EDITORIAL | Wednesday, 05 December 2007

Biting the bullet

‘The media regularly carry suggestions for still more handouts an others measures that would result in even higher consumption rather than investment.’
These were the words of Michael C Bonello who was speaking at the Annual Dinner of the Institute of Finanical Services held last week. In his speech the Governor admitted that the Maltese economy had come a long way, this was best evidenced by the convergence of the Maltese economy to the euro.
Mr Bonello’s statements are very correct but perhaps he mistakenly took the media to task when the real culprits are the politicians and their puppet media.
It is unfortunately the politicians who continue to give the impression that as soon as the fiscal situation is slightly improved, we can return to our old ways.
A case in point was the retrograde decision to extend children allowances to even more wage earners and doing so exacting a direct hit on a reform that had slowly moved away from an age old belief that the state supports all.
Mr Bonello had words of wisdom when it came to this particular aspect he said and we quote: ‘There is also a need for a wider acceptance of some basic truths, for example that it is an illusion to believe that something can be had for nothing, or that government can fix a grievance.’
Tough words but words that should perhaps sink into the psyche of politicians who continue to promise fiscal benefits without seeing the long term effects.
More importantly Bonello points to the targets that need to be attained to be competitive in a growing world economy. He underlines the high labour costs that continue to rise, citing the fact that labour costs in 2007 compared to 2000 rose by 18%.
He calls for greater flexibility in the labour market.
A clear reference for the need to welcome an Anglo-Saxon approach to labour employment and contractual criteria.
The Central Bank governor also talks of the need to adapt training and education programmes to the needs in the economy. This he says will guarantee a competitive work force.
Very significantly Bonello makes direct reference to two euro zone members, Portugal and Ireland.
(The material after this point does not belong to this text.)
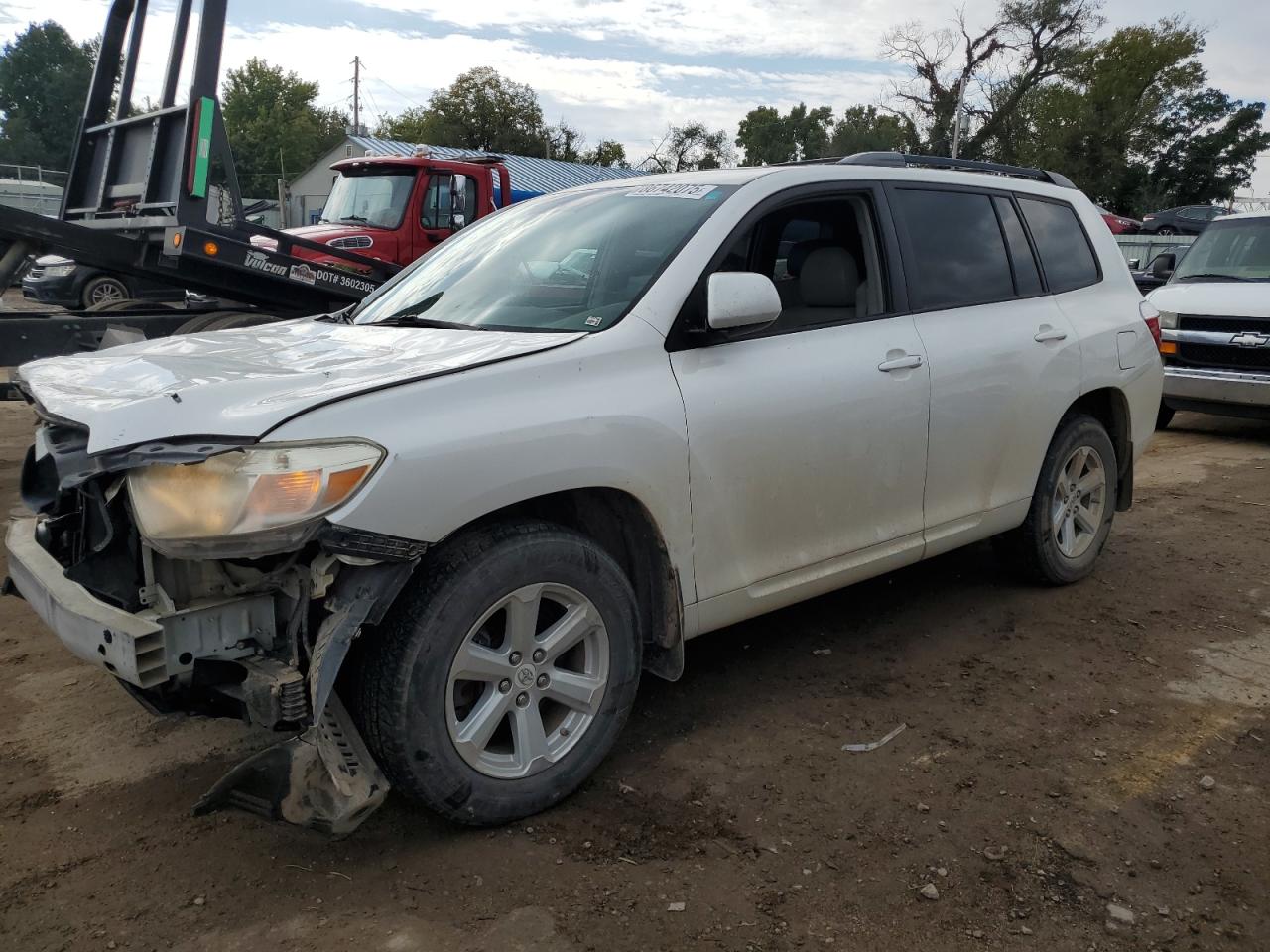 2010 Toyota Highlander Se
He argues that whereas both countries had a very similar income per capita income was not very different in the early 1990’s, what happened afterwards is instructive to say the least.
By 2006, the income per capita in Ireland had increased by 131% whereas in Portugal it had only grown by 67%.
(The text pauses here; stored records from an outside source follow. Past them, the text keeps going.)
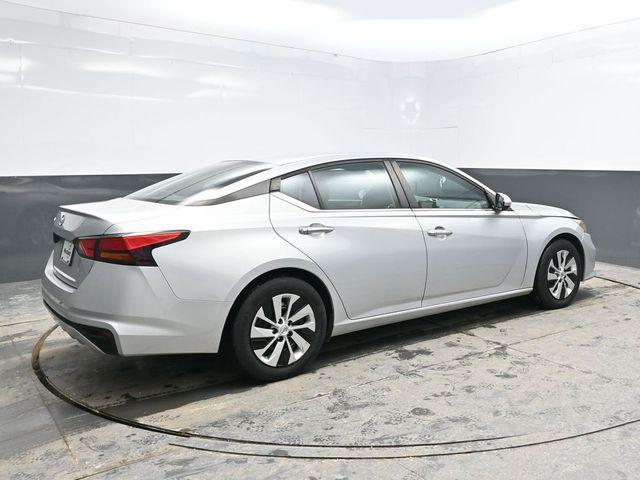 used 2021 Nissan Altima car, priced at $15,125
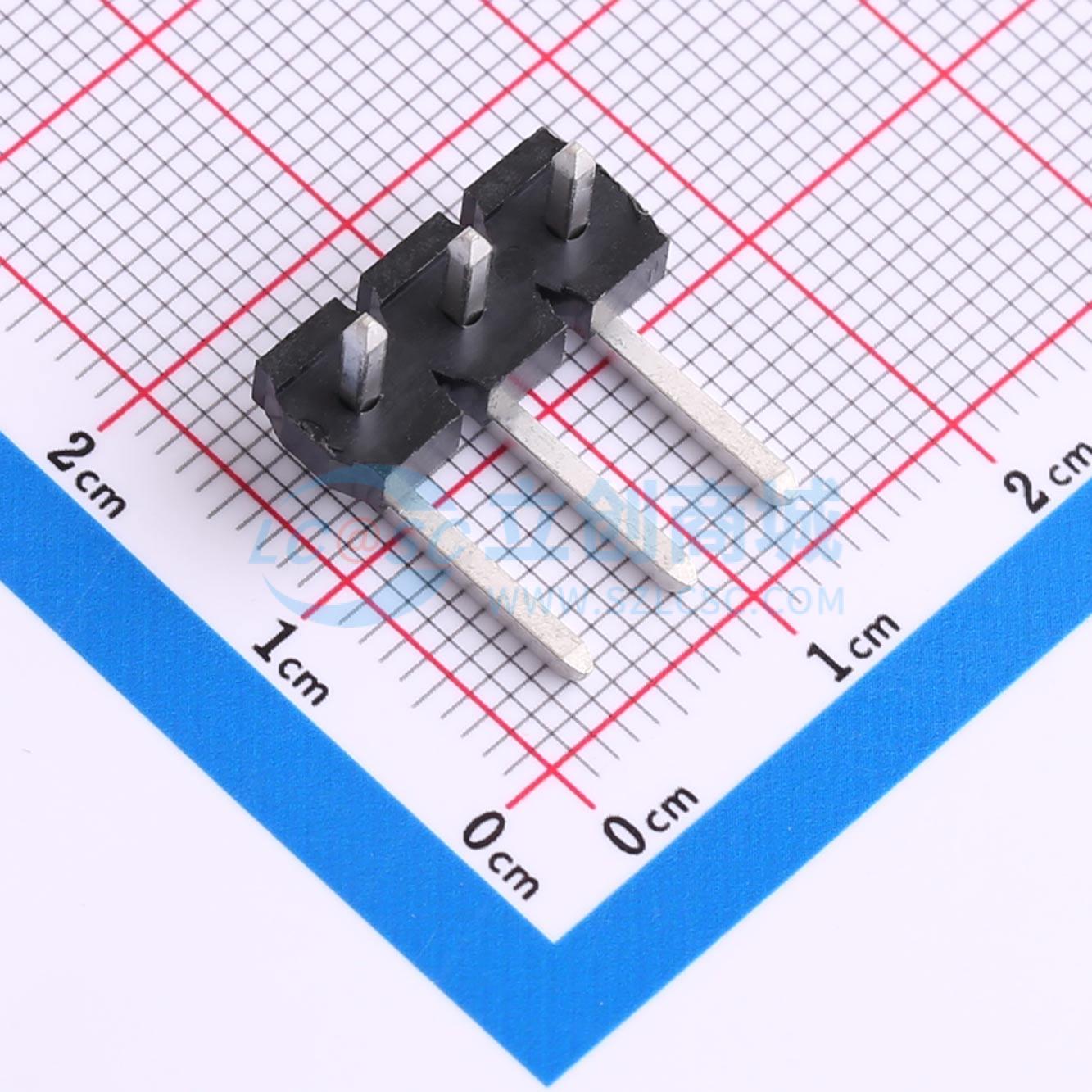 点击查看大图 HPM-03-02-T-S-RA实物图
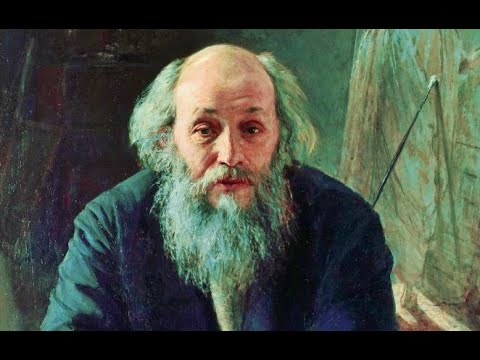 Видео: НИКОЛАЙ ГЕ. "Распятие" Библейский сюжет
The main reason for this was the fiscal discipline exercised by Ireland.
There is something to learn from this reality.
There is no doubt that there is gradual tendency to slacken whenever things start looking up.
Michael Bonello’s words need to be taken into consideration by our political class, who are unfortunately hell bent on promising more give-aways and freebies to their electorate.
Unfortunately without realising that these actions erase the economic gains
It is perhaps sad that more often than not, the words of individuals with no agenda are ignored if not discarded.